ASC Purple was created by the Department of Energy National Nuclear Security Administration’s (DOE/NNSA) Advanced Simulation and Computing (ASC) program and IBM to simulate nuclear weapons. The machine is part of a $290 million supercomputing deal struck by IBM and DOE in November 2002.


The goal of NNSA’s program is to ensure the security and reliability of the nation’s aging nuclear stockpile without performing nuclear testing underground, which preserves the living from deadly radiation.


IBM ASC Purple Program Manager for IBM Jay Pecce said engineers expected the machine to achieve a performance of 101 teraflops, but the total topped 111 teraflops in a demo last month, beating their estimates. The team used hydrodynamics and radiation transport applications that stress various aspects of the computer the way real nuclear testing would.


Weighing over 300 tons, the Purple employs 12,288 Power5 processors on 1,280 eight-way servers and houses 50 terabytes of memory. Its input/output
subsystem can pipe 2 petabytes of disk storage with 122 gigabytes of I/O
bandwidth to applications from over 8,000 hard disks.


To get a better sense of how powerful ASC Purple is, it would rank third in performance behind two top IBM’s Blue Gene/L machines on the Top500 supercomputer list.


Purple is currently housed in IBM’s Poughkeepsie Development Center. Pecci said IBM plans to move it to California’s Lawrence Livermore National Laboratory (LLNL) in mid-August, where it will be reassembled in a special facility.


When finally assembled, Purple will use 4.8 megawatts of electrical power
for the computer and I/O gear, which is the same amount of electrical power
of 4,800 average homes. The full system will produce more than 16,000,000
British Thermal Units (BTU) in heat, which is why the facility will have
special cooling features.


In October, Pecce and his team of hundreds of IBM engineers will run a “very
rigorous” acceptance test on Purple, with the goal of declaring it stable.
LLNL will then be able to put it into production.


While nuclear weapons simulation was the end goal for the ASC program, it
had certain benchmarks in mind, which IBM has helped it meet.


The goal of the DOE’s ASC program 10 years ago was to was to deploy a 100
teraflop system.

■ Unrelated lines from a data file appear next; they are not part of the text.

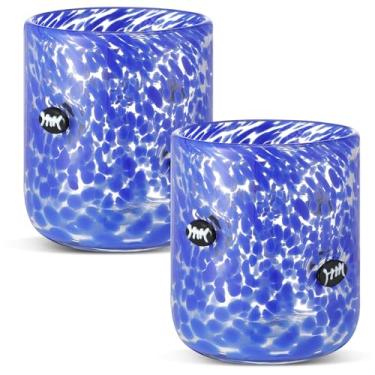 Imagem de SiliFine 2 peças de copos de suco de ícone de futebol - copo de café sem haste de 396 g para presente de suprimentos de festa (azul)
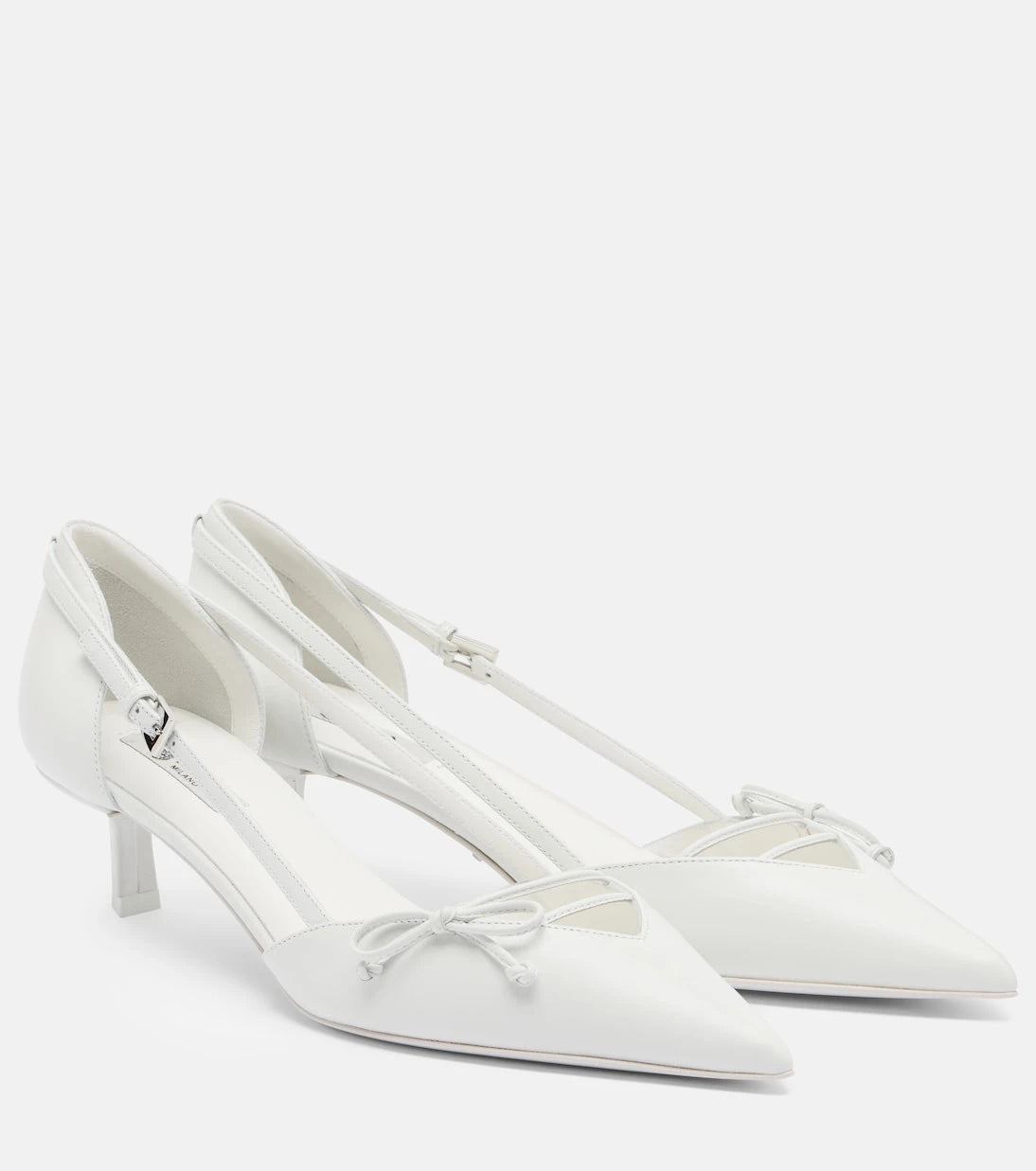 Prada - Bow-detail leather pumps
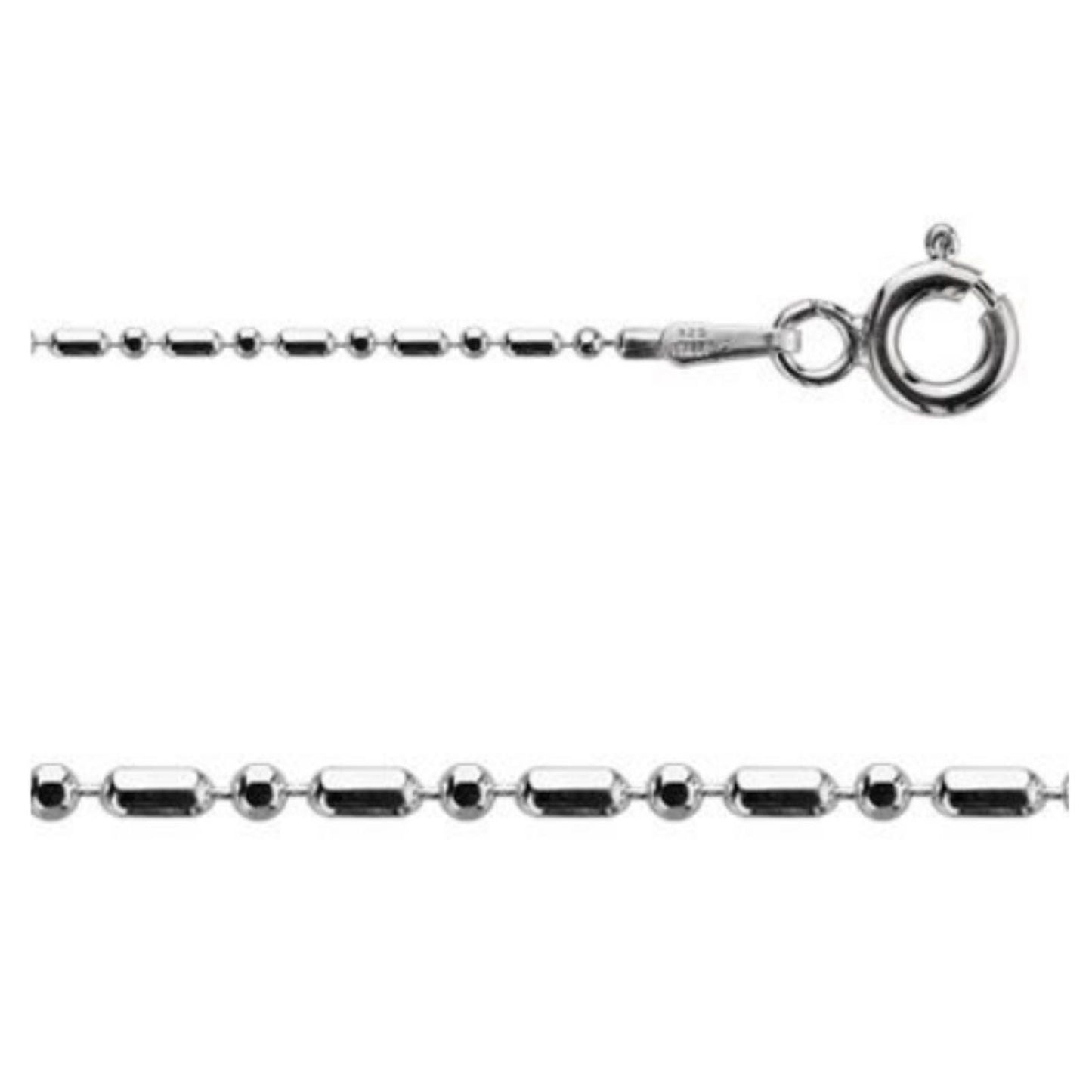 16 Inch Alternating Diamond Cut Sterling Silver 1.2mm Ball Chain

Scientists for ASC program believed that a minimum 100
teraflops machine would be needed to deliver just to initiate calculations
for nuclear weapons systems.


A decade and three separate supercomputing contracts with IBM later, it
seems the DOE is on the right track. While IBM has helped the ASC meet this
goal, the program’s next goal is to procure a supercomputer that approaches
the petaflop speed mark and beyond.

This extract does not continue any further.